This suggests the following revised query:

       SELECT Ship.name
       FROM Ship, Container
       WHERE Ship.name LIKE 'Sea%' AND Container.value=1234 AND
             Ship.ID = Container.shipID;


5. Below is the script I used to create the tables from part 2:
// hw2.sql -- a script to create the tables for hw2 problem 5 Fall 2002.


DROP TABLE MOVIE;

CREATE TABLE MOVIE (
   movieID	NUMBER(9),
   movieName	VARCHAR2(100),
   distributor	VARCHAR2(100),
   year		NUMBER(4),
   mediaType	INTEGER,
   acquireDate	DATE,
   cost		NUMBER(8,2) );

DROP TABLE M1;

CREATE TABLE M1 (
   movieID	NUMBER(9),
   cost		NUMBER(8,2) );

DROP TABLE M2;

CREATE TABLE M2 (
   movieID	NUMBER(9),
   movieName	VARCHAR2(100),
   distributor	VARCHAR2(100),
   year		NUMBER(4),
   mediaType	INTEGER,
   acquireDate	DATE);


Next we have the program Generate.java used to generate the thousand rows
of random data.

// Generate.java -- program used to generate movie data for CS157b Hw2 Problem 5.

import java.util.*;
import java.io.*;

/**

   This class consists of a bunch of public static methods used to generate
   random row data for the CS157B HW2 Problem 5.

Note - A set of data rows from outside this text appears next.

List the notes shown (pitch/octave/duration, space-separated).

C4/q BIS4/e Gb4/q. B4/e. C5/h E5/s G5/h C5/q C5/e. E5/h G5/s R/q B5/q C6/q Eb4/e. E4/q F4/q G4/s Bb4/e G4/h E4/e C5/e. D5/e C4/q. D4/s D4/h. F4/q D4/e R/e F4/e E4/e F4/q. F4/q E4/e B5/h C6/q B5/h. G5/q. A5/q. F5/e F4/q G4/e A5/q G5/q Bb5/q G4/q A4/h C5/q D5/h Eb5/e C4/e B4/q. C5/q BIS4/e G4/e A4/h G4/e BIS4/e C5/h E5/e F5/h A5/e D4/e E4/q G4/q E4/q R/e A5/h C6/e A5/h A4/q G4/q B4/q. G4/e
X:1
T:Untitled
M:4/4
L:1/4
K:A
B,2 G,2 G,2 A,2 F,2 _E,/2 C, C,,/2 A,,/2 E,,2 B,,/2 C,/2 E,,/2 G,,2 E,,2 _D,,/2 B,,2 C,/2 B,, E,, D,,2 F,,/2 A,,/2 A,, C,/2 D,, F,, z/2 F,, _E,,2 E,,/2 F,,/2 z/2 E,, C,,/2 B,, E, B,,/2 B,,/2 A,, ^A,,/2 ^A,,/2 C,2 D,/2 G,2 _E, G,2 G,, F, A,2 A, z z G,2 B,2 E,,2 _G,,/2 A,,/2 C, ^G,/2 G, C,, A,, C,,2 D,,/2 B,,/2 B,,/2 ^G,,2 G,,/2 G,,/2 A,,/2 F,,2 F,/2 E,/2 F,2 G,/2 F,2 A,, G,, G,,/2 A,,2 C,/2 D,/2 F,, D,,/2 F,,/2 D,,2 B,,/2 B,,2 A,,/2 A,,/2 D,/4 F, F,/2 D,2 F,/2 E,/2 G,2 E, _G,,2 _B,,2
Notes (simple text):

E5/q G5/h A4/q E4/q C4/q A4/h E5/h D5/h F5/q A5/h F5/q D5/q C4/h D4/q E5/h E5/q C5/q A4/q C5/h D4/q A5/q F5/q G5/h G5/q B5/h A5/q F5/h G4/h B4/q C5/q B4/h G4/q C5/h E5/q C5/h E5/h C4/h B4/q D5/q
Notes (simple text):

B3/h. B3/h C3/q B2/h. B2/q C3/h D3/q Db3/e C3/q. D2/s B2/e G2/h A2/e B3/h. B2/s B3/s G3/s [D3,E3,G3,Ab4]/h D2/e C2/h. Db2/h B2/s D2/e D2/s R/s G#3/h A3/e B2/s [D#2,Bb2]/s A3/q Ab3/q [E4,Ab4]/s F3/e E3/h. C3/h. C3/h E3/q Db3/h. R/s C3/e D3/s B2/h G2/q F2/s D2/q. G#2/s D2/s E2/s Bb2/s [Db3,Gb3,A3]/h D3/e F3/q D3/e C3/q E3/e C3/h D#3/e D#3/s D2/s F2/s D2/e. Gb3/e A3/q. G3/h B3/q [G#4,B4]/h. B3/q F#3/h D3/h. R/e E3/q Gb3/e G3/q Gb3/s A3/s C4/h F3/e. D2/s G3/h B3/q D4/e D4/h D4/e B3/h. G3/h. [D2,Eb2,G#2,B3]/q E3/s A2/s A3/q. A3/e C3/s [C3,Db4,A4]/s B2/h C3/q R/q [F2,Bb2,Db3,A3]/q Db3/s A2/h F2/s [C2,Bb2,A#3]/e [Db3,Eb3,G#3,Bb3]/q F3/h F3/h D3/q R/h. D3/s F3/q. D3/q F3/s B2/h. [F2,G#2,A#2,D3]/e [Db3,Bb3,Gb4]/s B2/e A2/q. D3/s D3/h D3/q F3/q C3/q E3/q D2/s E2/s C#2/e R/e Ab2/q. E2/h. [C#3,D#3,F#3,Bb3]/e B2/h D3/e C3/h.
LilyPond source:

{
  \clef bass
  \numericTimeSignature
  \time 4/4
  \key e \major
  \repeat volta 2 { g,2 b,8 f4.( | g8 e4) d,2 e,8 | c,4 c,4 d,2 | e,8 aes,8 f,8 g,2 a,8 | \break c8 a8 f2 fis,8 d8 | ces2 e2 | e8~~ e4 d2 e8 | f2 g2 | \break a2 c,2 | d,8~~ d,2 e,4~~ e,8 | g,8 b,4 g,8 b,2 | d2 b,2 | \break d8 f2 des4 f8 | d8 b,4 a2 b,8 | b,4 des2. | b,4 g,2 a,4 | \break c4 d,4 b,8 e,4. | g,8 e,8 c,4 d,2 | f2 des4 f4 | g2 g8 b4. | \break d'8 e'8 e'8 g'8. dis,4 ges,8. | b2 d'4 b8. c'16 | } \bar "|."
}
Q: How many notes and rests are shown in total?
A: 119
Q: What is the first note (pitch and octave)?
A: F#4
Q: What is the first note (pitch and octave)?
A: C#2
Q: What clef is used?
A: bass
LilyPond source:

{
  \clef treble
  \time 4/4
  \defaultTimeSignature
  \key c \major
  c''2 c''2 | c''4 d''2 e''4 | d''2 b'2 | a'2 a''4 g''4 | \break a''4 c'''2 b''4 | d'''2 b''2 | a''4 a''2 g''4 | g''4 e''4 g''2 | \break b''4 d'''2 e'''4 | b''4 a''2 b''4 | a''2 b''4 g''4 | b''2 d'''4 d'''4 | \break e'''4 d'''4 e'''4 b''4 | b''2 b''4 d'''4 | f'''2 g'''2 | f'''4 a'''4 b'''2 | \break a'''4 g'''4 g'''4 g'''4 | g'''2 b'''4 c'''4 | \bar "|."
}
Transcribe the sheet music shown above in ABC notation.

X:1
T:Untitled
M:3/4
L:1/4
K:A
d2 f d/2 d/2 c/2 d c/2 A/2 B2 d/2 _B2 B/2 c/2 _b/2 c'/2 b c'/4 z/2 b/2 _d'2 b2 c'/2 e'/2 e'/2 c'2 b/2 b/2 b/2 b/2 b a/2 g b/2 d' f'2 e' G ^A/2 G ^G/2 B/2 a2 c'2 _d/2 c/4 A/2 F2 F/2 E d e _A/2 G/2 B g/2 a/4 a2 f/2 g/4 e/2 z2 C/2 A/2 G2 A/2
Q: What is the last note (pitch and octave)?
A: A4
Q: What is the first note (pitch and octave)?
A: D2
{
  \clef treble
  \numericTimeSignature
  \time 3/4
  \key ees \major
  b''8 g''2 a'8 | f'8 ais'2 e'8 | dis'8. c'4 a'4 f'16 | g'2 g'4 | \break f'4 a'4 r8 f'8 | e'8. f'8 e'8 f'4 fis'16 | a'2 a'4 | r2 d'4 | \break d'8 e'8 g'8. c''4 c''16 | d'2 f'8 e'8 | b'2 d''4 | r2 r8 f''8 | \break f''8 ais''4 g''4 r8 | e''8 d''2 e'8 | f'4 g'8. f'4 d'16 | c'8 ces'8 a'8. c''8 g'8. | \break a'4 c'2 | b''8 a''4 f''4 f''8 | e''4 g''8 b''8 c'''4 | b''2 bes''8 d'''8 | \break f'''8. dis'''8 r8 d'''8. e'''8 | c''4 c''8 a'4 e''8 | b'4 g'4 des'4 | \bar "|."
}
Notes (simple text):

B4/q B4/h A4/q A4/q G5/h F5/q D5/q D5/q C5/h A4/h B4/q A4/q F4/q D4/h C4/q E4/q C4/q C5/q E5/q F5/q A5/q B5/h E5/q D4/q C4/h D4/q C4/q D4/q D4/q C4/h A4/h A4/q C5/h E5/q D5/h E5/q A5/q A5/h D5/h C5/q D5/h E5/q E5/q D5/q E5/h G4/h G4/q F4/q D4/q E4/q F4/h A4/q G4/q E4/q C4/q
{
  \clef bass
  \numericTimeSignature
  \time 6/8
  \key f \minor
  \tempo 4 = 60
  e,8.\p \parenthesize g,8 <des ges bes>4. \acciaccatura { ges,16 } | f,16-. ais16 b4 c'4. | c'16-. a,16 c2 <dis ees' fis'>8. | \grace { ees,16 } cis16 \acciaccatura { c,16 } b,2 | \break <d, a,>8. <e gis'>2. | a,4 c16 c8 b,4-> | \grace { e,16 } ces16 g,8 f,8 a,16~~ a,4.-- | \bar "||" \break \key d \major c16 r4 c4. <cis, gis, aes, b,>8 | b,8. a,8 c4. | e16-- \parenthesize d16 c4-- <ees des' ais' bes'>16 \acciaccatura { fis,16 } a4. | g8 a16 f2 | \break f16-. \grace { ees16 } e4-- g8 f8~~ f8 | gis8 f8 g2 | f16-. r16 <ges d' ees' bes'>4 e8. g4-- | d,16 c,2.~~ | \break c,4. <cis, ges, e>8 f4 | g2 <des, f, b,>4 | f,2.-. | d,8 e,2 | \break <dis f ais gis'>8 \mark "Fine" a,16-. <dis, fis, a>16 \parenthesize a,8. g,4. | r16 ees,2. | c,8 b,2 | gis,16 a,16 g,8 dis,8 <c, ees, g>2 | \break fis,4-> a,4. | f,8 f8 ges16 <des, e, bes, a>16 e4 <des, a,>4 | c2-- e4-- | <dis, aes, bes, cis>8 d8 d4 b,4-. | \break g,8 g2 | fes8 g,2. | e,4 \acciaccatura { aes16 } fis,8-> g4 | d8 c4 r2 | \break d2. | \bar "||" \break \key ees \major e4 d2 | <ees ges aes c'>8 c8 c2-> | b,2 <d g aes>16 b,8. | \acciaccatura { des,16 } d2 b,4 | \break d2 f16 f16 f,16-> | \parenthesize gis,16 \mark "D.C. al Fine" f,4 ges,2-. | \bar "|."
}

   Typically one would run this program from the command line with a line like:

   java Generate Movie.DAT 1000

   here Movie.DAT is the file to write the random data to and 1000 is the number of
   rows of random data to generate. 

   @author Chris Pollett
   @version 1.0.2002
 
*/
public class Generate
{

   /** 
       Creates numRows rows of random Movie Table data and save it in a file named 
       by String movie.

       @param movie -- filename to store random row data in
       @param numRows -- number of rows of data to create

   */
   public static void createData(String movie, int numRows)
   {

      try
      {
          PrintStream outMovie = new PrintStream(
             new FileOutputStream(movie));

          for(int i = 0; i < numRows; i++)
          {

             StringBuffer bMovie = new StringBuffer(BUFLEN);
             createRow(i, bMovie);
             
             outMovie.println(bMovie.toString());
           }

          outMovie.close();                    
      }
      catch(IOException ie)
      {
         ie.printStackTrace();
      }

   } 

   /** 

      Creates one row of random Movie table data given the parameters supplied.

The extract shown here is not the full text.